This is the first post in the final of three threads which will intertwine through my April A to Z effort. In addition to “Building abetter Hero” and “Building a better Villain”, I will offer a series of posts on character interactions. This first post is all about effective use of non-player character (NPC) companions.
Throughout the course of their adventures the heroes of a tabletop campaign will encounter numerous individuals, from townsfolk to royalty, to reclusive sages. Many of these figures will come and go over the course of a single game session or even a single encounter. However, on occasion, a GM may find it necessary and/or desirable to have an NPC or group of NPCs travel along with the heroes. Ideally, companion characters should enrich and support the story and the players’ role as protagonists without stealing the spotlight or otherwise getting in the way.
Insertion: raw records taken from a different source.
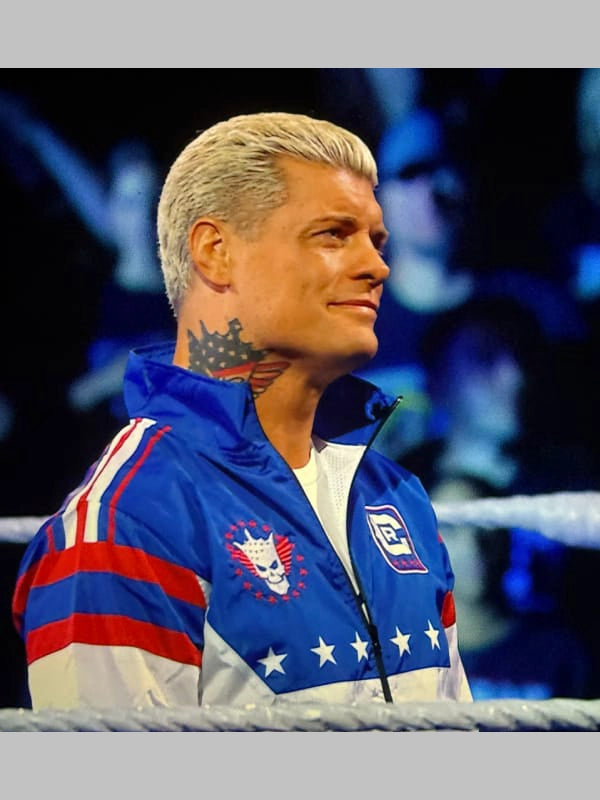 Cody Rhodes Stars and Stripes Nightmare Jacket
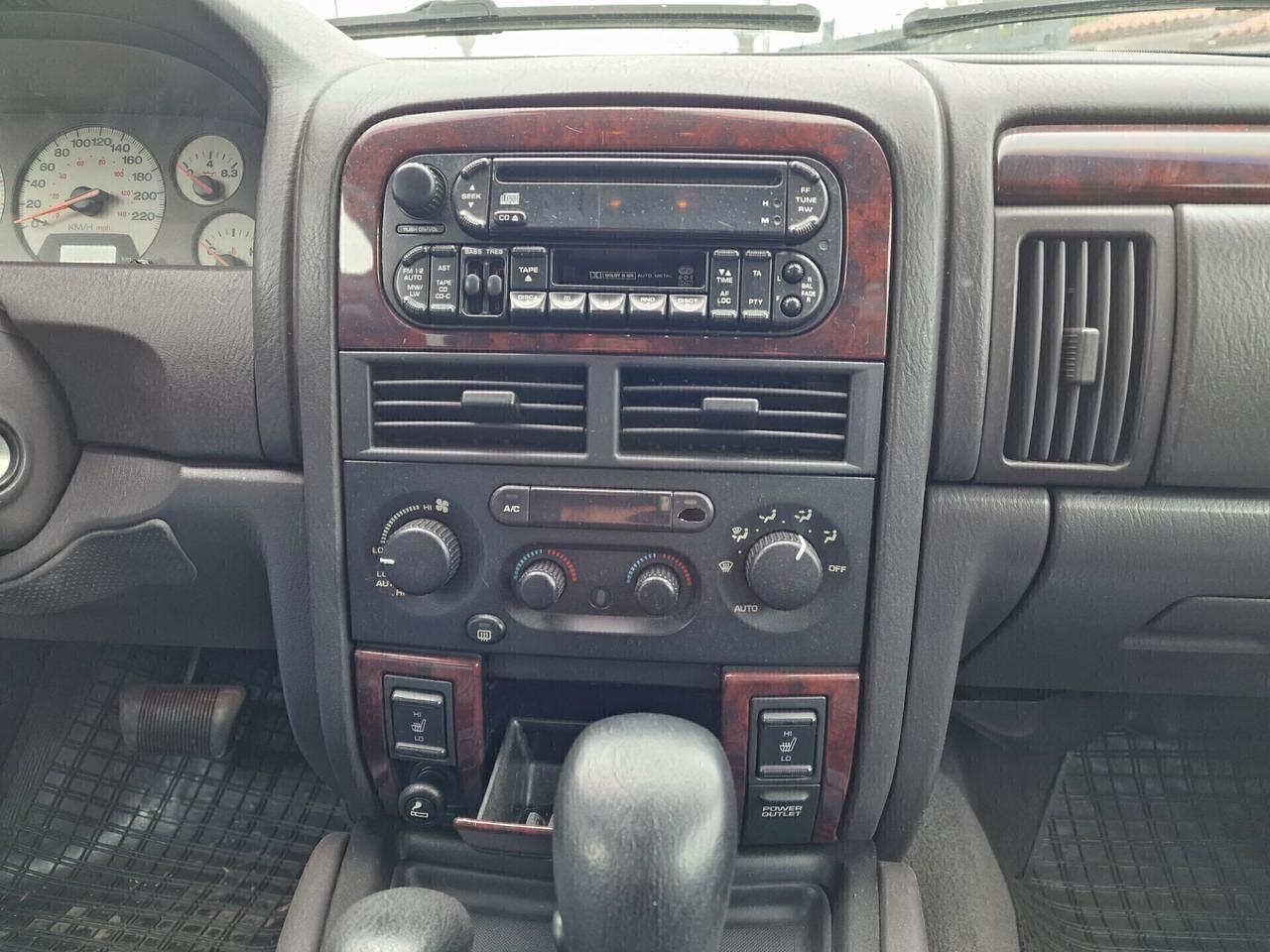 Jeep Grand Cherokee 3.1 TD cat Limited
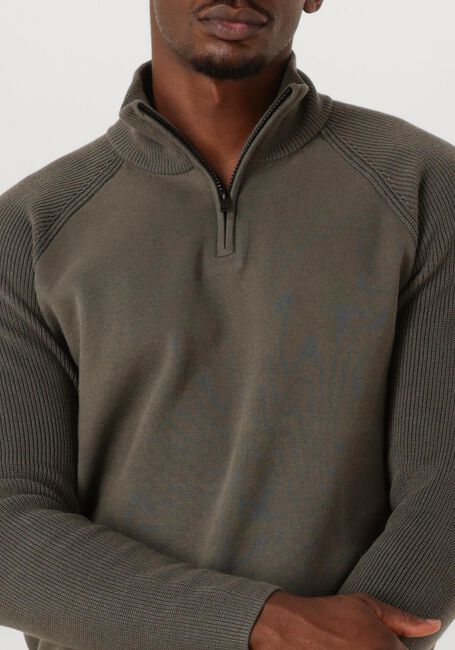 GENTI Pull TURTLE ZIP Olive - large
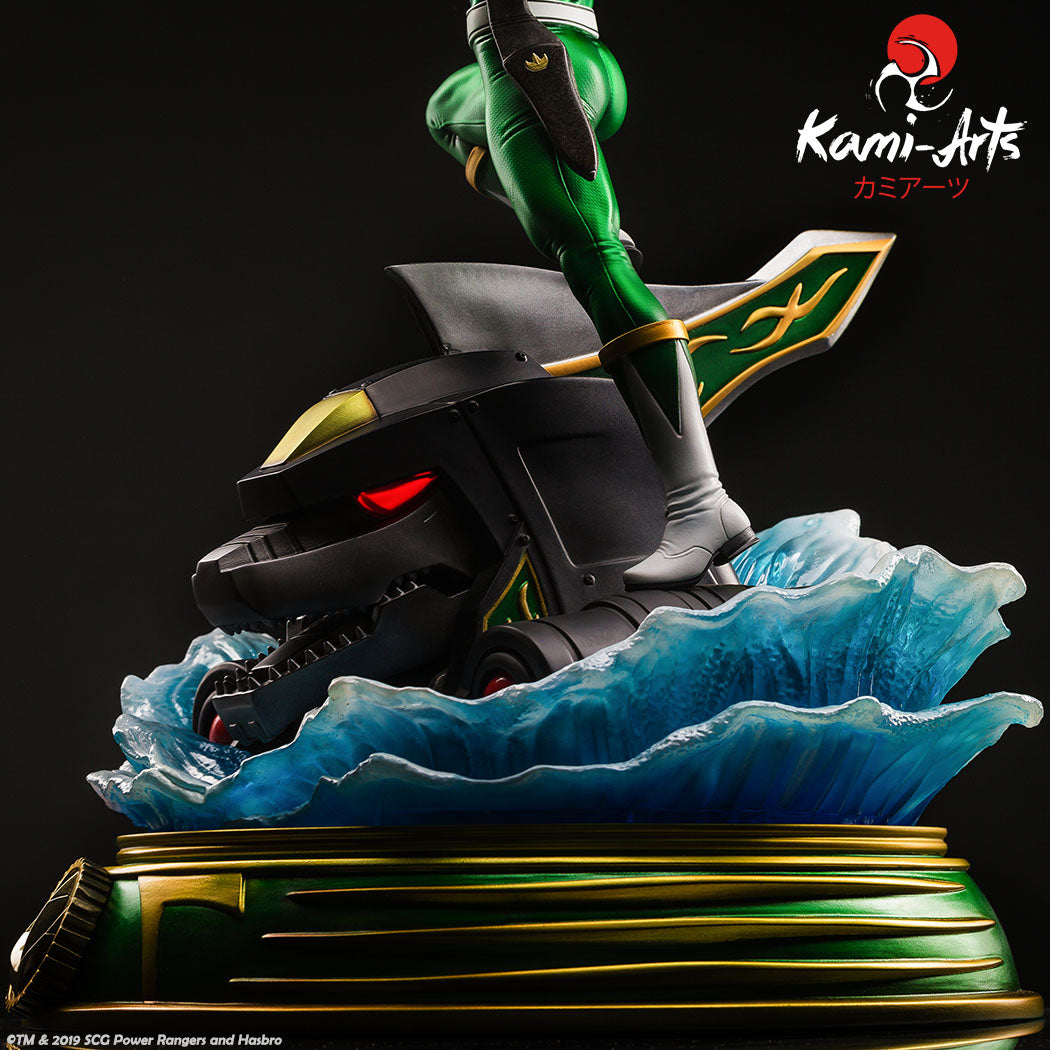 Kami-Arts Green Ranger Power Rangers Statue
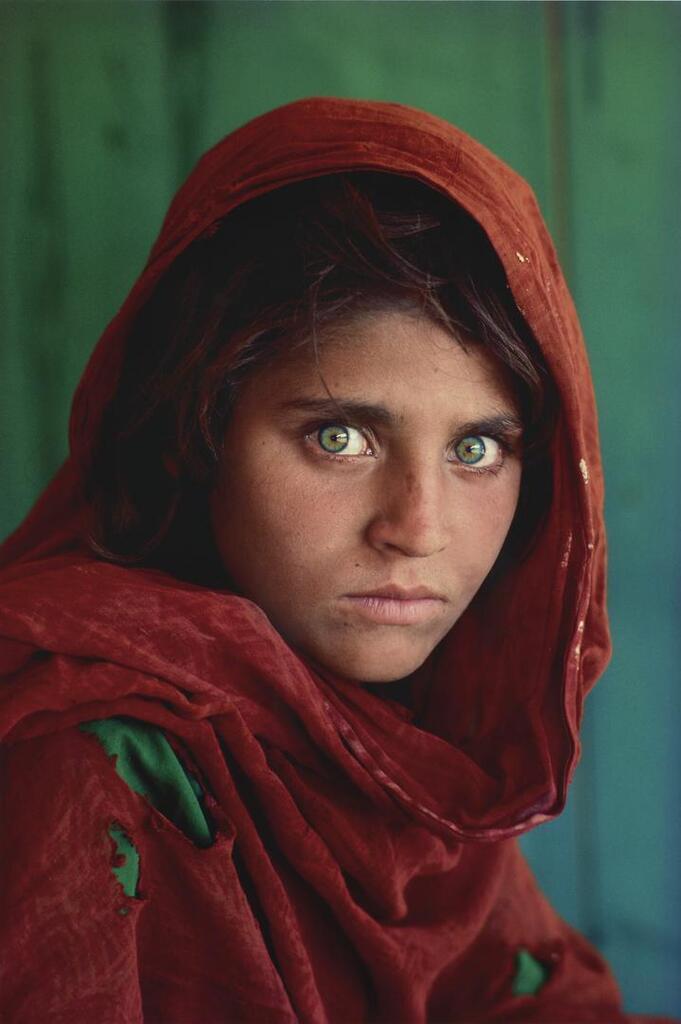 Afghan Girl, Peshawar, Pakistan, 1984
Running companions well is a bit of a tightrope act. Ideally, they should be more than simply walking stat blocks; they should seem like people. This means the GM must craft and role play each companion’s own unique personality. When you take into account that the GM must also play the roles of any monster, villain or village bar wench the party comes across, adding even one more personality to the pile can be a challenge. If the heroes have assembled a whole posse--eg. the squad of holy crusaders my players are currently traveling with--making sure these characters come across as people becomes an even more formidable task.
So, why is it important for companion characters to have personality? Why not just be content with Bob Spearman #1? First, if you play companions like they’re unique individuals, the party is more likely to treat them as such. This can help you avoid the problematic situation in which your heroes, the PCs send their companions to do all their dirty work for them—a situation, which threatens to spiral into the GM acting out an NPC vs. NPC play while all the players watch and eat Cheetos.
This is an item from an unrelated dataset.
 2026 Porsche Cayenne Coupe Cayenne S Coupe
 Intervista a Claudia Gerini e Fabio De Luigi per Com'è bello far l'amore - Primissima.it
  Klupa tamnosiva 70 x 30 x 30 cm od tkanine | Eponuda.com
“We’re just about to the Dragon’s lair, send in archers 1 and 3 to see if its awake.”
If their companions are just stat blocks, the players will justify "sending in the help" as erring on the side of caution. If the companions have personalities, the players will be more likely to see it as risking the well-being of, well, a trusted companion.
Of course, the sheer number of characters a GM has to create and remember over the course of a game can make the task of crafting and assigning unique personalities rather cumbersome. I have a couple tricks I use to help ease the burden.
Step 1: Forget originality. It is perfectly okay to rip your NPCs’ personalities and even names from movies, comics, or any other place you find them. I once had a GM populate an entire medieval bandit village with the alter egos of DC superheroes! Unless you are completely ham-fisted about it, the uniqueness of your game world should be enough to make these personalities seem new. For the holy crusaders currently accompanying my players, I simply assigned various archetypes commonly found in action-movie teams. There’s the Sarge-style leader; the rookie; the wise preacher; the smartass; the big burly guy; the quiet, businesslike one; and the twitchy one with a chip on his shoulder. There, you have seven companions with seven very distinct personalities that only require me to remember a sentence or even a word to play effectively.
Step 2: Worry about unique personalities over unique stat blocks. Reuse old stat blocks for guards, cult members or barkeeps if you stat them at all. The crusaders in my game use two stat blocks. One for the healy clerics and one for the fighty paladins. Each of those sub-types has a leader. To make the leaders seem a bit more badass, I’ll simply fudge their stats by adding 2 to the existing stat blocks. Done! No muss, no fuss. Remember, only you the GM, sees your stat blocks. As long as things feel believable to the players, they likely won’t care where the numbers came from. (at least this is true in my group)
Combining memorable personalities with efficient character generation can turn companion characters into one of the most powerful tools in a GM’s toolkit. Want to establish a pants-wetting sense of danger before a big fight? Have the giant that the PCs are about to face tear the arms off their pal, Bucky and use his corpse as a greatclub. Have the mindflayer threaten to debrain their favorite wandering sage unless they meet its foul demands. Strong companion NPCs make great atmospheric and emotional fodder. The unique personalities that the players have come to love are, above all, a fantastic way to make it mean something when they die a horrible, horrible death.